Dalam kegelapan entah itu gelap sungguhan maupun artificial,
kita hanya bisa merasakan. Meraba kemudian menterjemahkannya dalam bentuk
perasaan. Kemungkinan benar atau salah mengenai yang kita rasakan memang tidak
lantas menjadi gamblang. Semua berada di area abu-abu, seringkali berada di
kisaran keliru.
Dia memilih buta seperti halnya saya yang juga memilih buta.
Sialnya kami sama-sama tahu. Hidup dalam penyangkalan.
Berusaha berkelit dari kenyataan yang terlihat jelas di hadapan. Menganggap
bahwa masing-masing dari kami hidup pada jalur yang berlainan yang tidak akan
pernah berpotongan. Seperti asimtot, kami hanya saling mendekat sampai jarak
yang tak hingga tanpa bisa bersentuhan. Sebuah bentuk yang sengaja dijadikan
pilihan ketika perasaan tidak sejalan dengan banyak keinginan.
Saya mencintainya. Dulu. Sampai sekarang sesungguhnya meskipun saya tidak mengumbarnya
seperti waktu itu. Dia tidak pernah berusaha mencintai saya. Saya tahu itu. Dia
hanya malas beranjak dari kenyamanan hubungan entah apa namanya yang membuatnya
memiliki tempat untuk sekedar bersandar. Dia tidak mau menerima cinta saya,
tapi itu tidak lantas membuatnya ingin beranjak meninggalkan semuanya. Dia
manipulatif dengan ingin menjelma sebagai seorang sahabat dengan kadar yang
membuat posisi saya lebih dari seharusnya.
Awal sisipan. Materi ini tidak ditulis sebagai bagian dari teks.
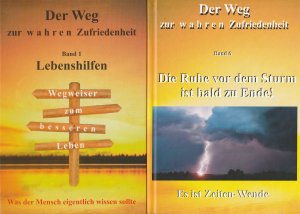 neues Buch – Hans-Dieter Sonntag – Der Weg zur wahren Zufriedenheit - Teile 1-4 - 4 x BUCH SET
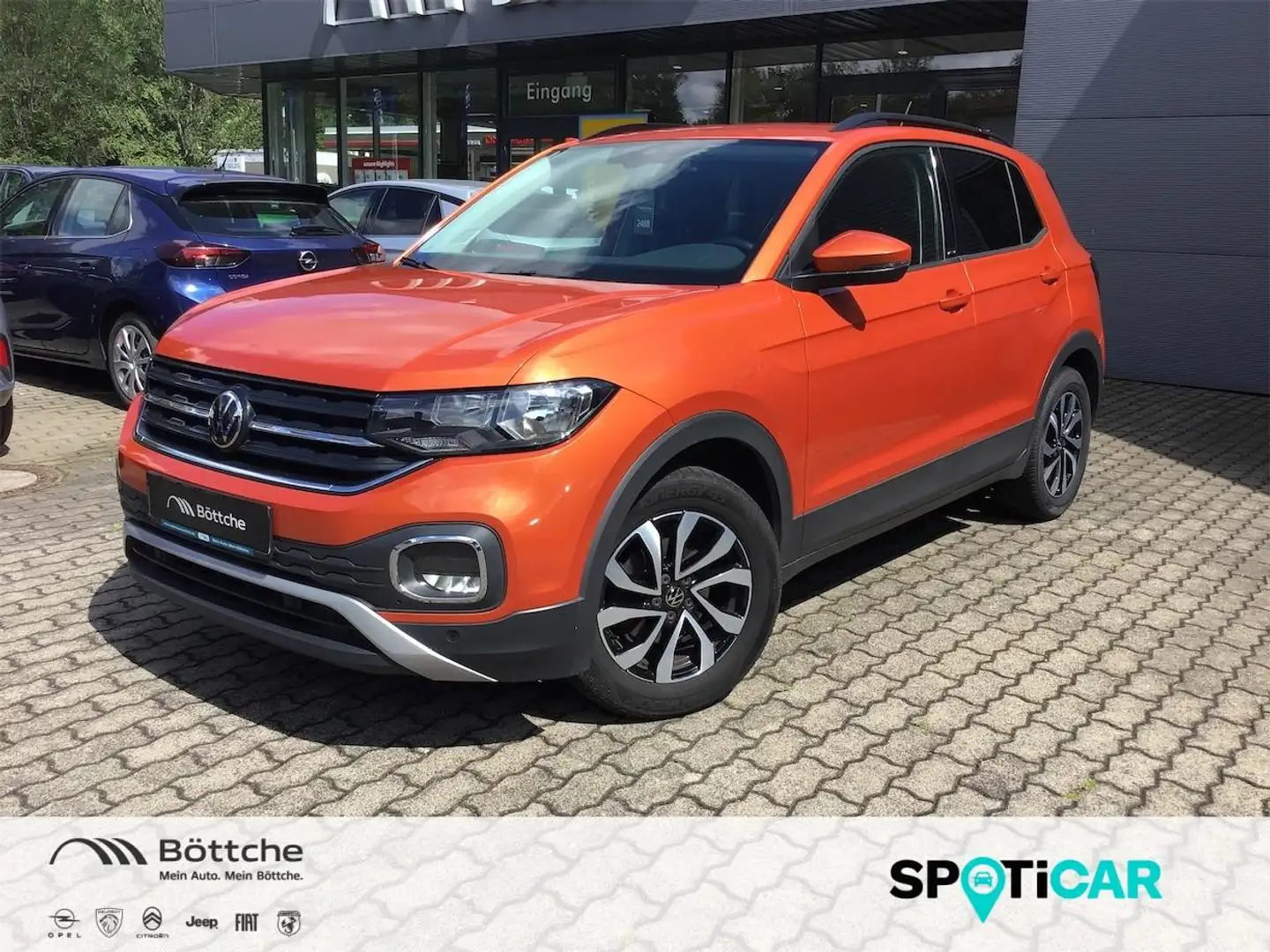 Volkswagen T-Cross 1.0 Active  Navi/SHZ/PDC/DAB/Allwetter Orange - 1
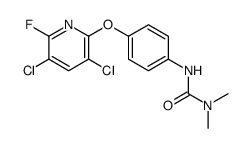 3-[4-(3,5-dichloro-6-fluoropyridin-2-yl)oxyphenyl]-1,1-dimethylurea结构式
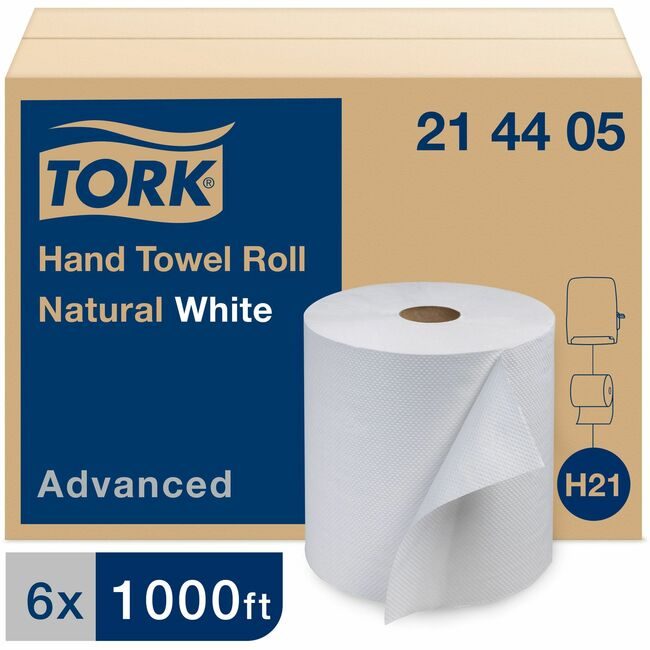 Essity Tork Towel Roll 1000 White TRK214405
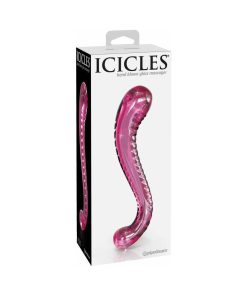 Icicles No. 69 Curved Dual-Ended Glass Dildo Pink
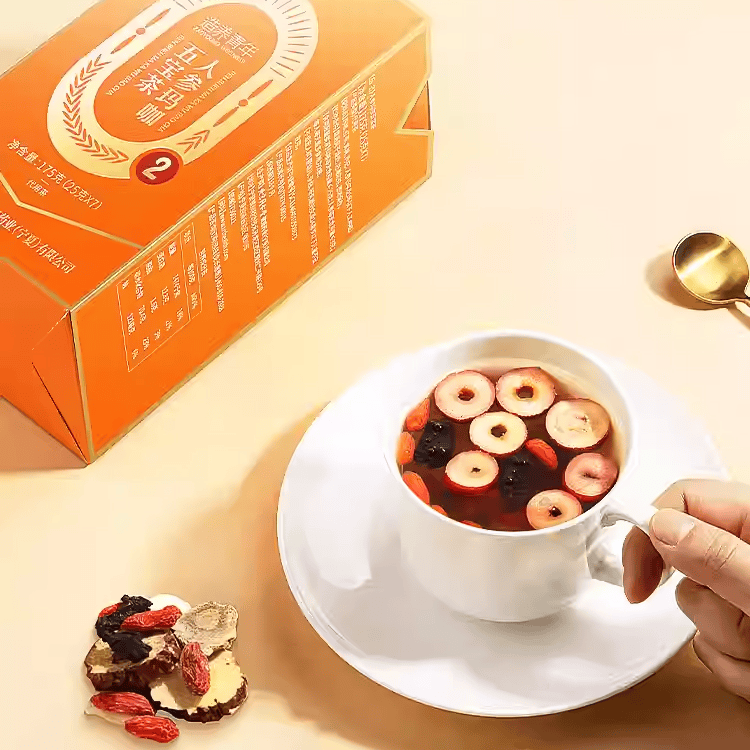 Beijing Tongrentang Ginseng Maca Five Treasures Health Tea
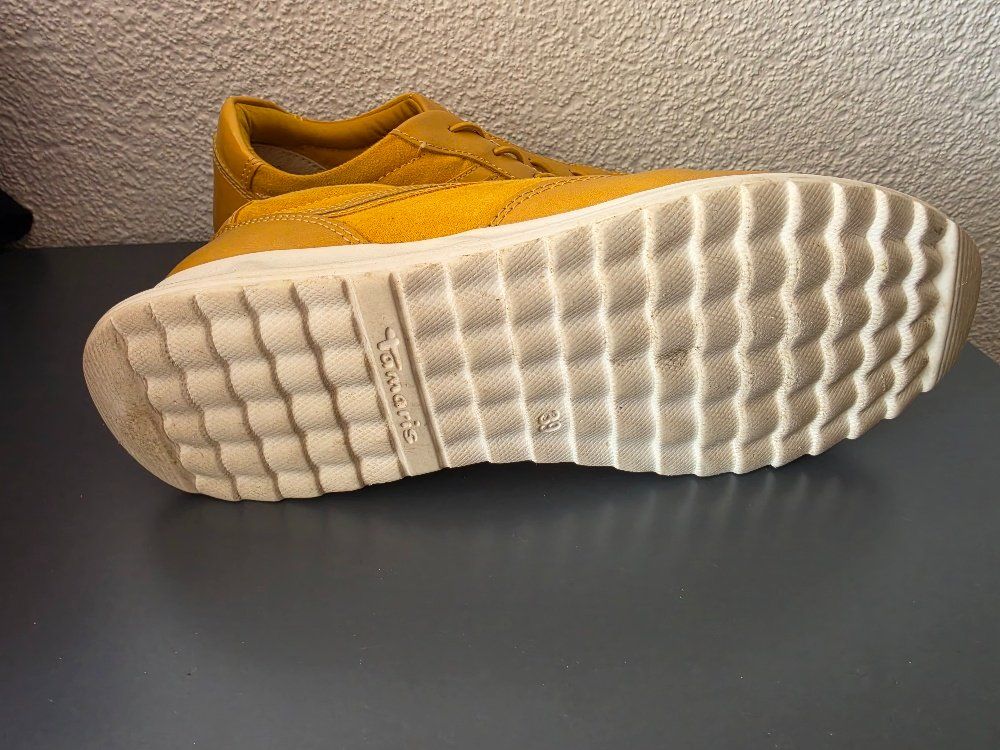 Tamaris Scarpe da donna: Tamaris-Sneaker, Grösse 39, curry – Usato da meinisberg venduto da Goelu64 2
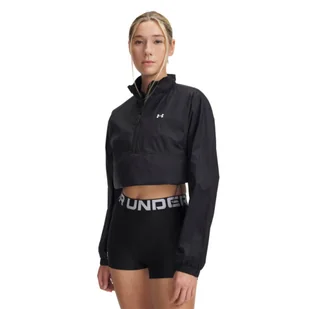 Damska kurtka treningowa Under Armour UA Rival Woven HZ Anorak - czarna - Kurtki damskie - miniaturka - grafika 1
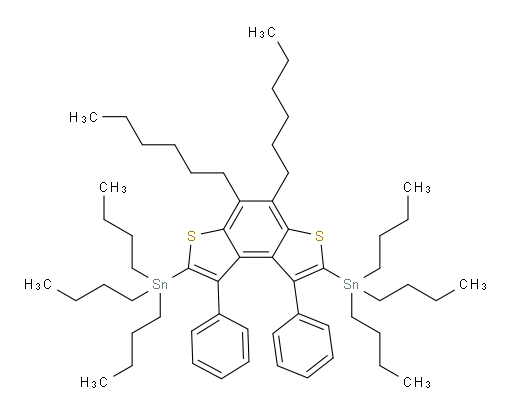 (4,5-二己基-1,8-二苯基苯并[1,2-b:4,3-b']二噻吩-2,7-二基)双(三丁基锡烷)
Sahabat tidak saling mencintai. Katanya. Tapi menurut saya
sahabat juga tidak saling menuntut. Tidak selalu ingin didengarkan ketika salah
satu memang tidak ingin mendengar. Sahabat tidak akan saling menyakiti. Katanya
lagi. Tapi dengan selalu mengikuti, itu justru bentuk menyakiti yang membuat
memar di hati.
Dia memilih buta seperti halnya saya yang juga memilih buta.
Dia memilih untuk menyangkal bahwa apa yang saya lakukan
selama ini adalah sepenggal sayang. Saya memilih buta karena menganggap
penolakan demi penolakan yang dia pertontonkan hanyalah sebuah bentuk ketidakpercayaan.
Tidak percaya saya mampu memberinya kebahagiaan karena kami tidak seiman. Hanya
karena saya tidak memiliki mata segaris seperti yang Tuhan lukis di wajahnya,
dia ragu untuk bilang “yes, i do”. Tapi itu haknya, seperti hak dia untuk tetap
berada di dekat saya dengan alasan sebuah persahabatan.
Kami mungkin sama-sama menyangkal untuk sebuah alasan.
Alasan yang akan membuat sebagian besar orang terbelalak dan hanya berpikir itu
hanya sebuah bualan. Alasan untuk merasa saling tidak kehilangan. Kehilangan
rasa nyaman, kehilangan sandaran, atau kehilangan pegangan. Anehnya kami berdua
menikmati penyangkalan itu sehingga kami berdua memilih buta. Memilih
mengabaikan apa yang kami rasakan untuk sekedar saling berdekatan. Tanpa
ikatan.
Saya dan dia mungkin hanya sedang dininabobokan nyaman.
Karena kami berdua tahu kalau suatu saat akan tiba pada sebuah titik yang
disebut perpisahan. Akan ada cahaya terang yang menyilaukan yang memaksa kami
untuk membuka mata dan melepaskan genggaman. Akan ada suatu waktu dimana akhir
adalah akhir yang tidak bisa ditawar lagi. Akan ada waktunya. Waktunya untuk
saya melepaskan perasaan sayang yang sudah tumbuh beberapa tahun ke belakang.
Dan waktu dia untuk beranjak pergi tanpa lagi memberati langkah yang saya titi.
Saya dan dia sama-sama memilih buta. Tapi saya jauh lebih
buta karena meskipun dia sekarang sudah berpasangan, saya tidak lantas
menjadikannya alasan untuk berjalan sendirian. Salahkan dia, karena meskipun
sekarang statusnya sudah kekasih orang tapi dia tetap saja membuat saya seperti
seseorang yang teristimewa. Setidaknya menurut saya.